Hacker News new | ask | show | jobs
by adsfgiodsnrio 1101 days ago
"Supervised" does not mean the models need babysitting; it refers to the fundamental way the systems learn. Our most successful machine learning models all require some answers to be provided to them in order to infer the rules. Without being given explicit feedback they can't learn anything at all.

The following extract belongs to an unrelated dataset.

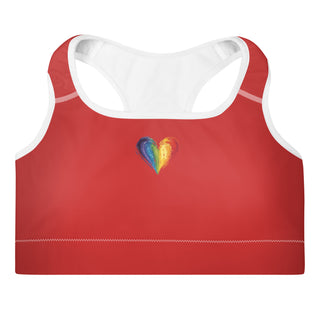 Red Padded Sports Bra with Signature Heart by Ellen Jean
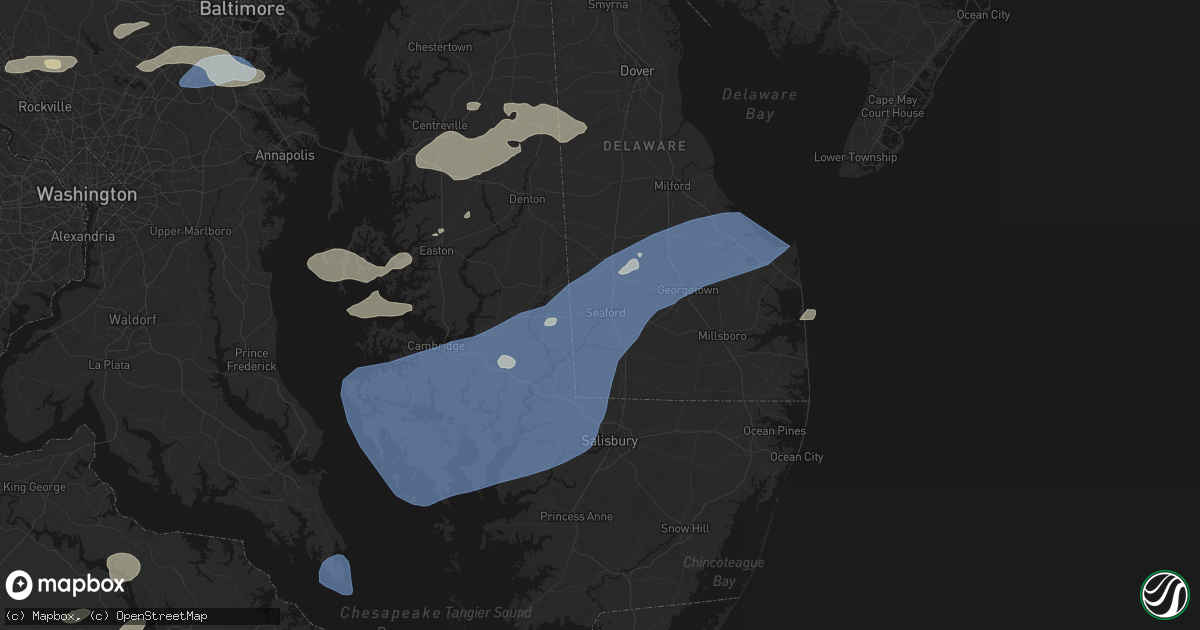 Hail map in Seaford, DE on July 18, 2026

Humans also do best with supervised learning. This is why we have schools. But humans are capable of unsupervised learning and use it all the time. A human can learn patterns even in completely unstructured information. A human is also able to create their own feedback by testing their beliefs against the world.

1 comments

Oh, sorry, I’m not that familiar with the terminology (I still feel like my argument is valid despite me not being an expert though because I heard all this from people who know a lot more than me about it). One problem with that kind of feedback is that it incentives the AI to make us think it solved the problem when it didn’t, for example by hallucinating convincing information. That means it specifically learns how to lie to us so it doesn’t really help

Also I guess giving feedback is sort of like babysitting, but I did interpret it the wrong way

> One problem with that kind of feedback is that it incentives the AI to make us think it solved the problem when it didn’t,

Supervised learning is: "here's the task" … "here's the expected solution" *adjusts model parameters to bring it closer to the expected solution*.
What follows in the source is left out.